= Exercise =
Below are records; the lines starting at the one with "Please describe Spitz's" and ending at the one with "And there you" must be reproduced exactly, both included. Pictures must not appear.

= Task inputs =
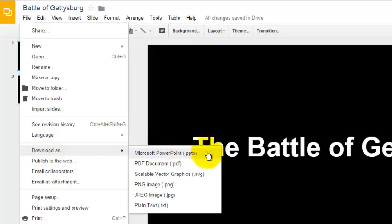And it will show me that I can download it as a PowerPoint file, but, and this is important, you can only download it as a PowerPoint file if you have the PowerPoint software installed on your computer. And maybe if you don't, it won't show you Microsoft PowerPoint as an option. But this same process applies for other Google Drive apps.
...
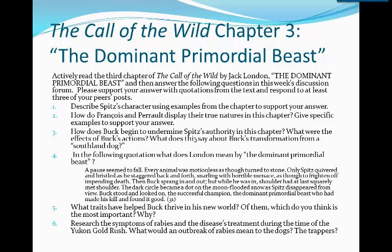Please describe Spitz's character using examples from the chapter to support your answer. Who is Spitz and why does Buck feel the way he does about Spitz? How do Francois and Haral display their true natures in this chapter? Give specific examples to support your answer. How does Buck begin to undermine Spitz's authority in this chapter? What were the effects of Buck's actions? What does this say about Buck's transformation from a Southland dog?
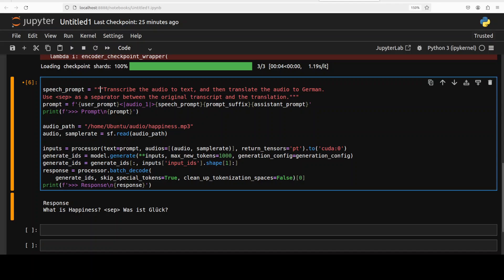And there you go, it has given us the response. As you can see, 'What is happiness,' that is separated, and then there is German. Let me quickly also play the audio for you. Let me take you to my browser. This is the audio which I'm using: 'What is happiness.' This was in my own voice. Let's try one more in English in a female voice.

= Solution =
Please describe Spitz's character using examples from the chapter to support your answer. Who is Spitz and why does Buck feel the way he does about Spitz? How do Francois and Haral display their true natures in this chapter? Give specific examples to support your answer. How does Buck begin to undermine Spitz's authority in this chapter? What were the effects of Buck's actions? What does this say about Buck's transformation from a Southland dog?
And there you go, it has given us the response. As you can see, 'What is happiness,' that is separated, and then there is German. Let me quickly also play the audio for you. Let me take you to my browser. This is the audio which I'm using: 'What is happiness.' This was in my own voice. Let's try one more in English in a female voice.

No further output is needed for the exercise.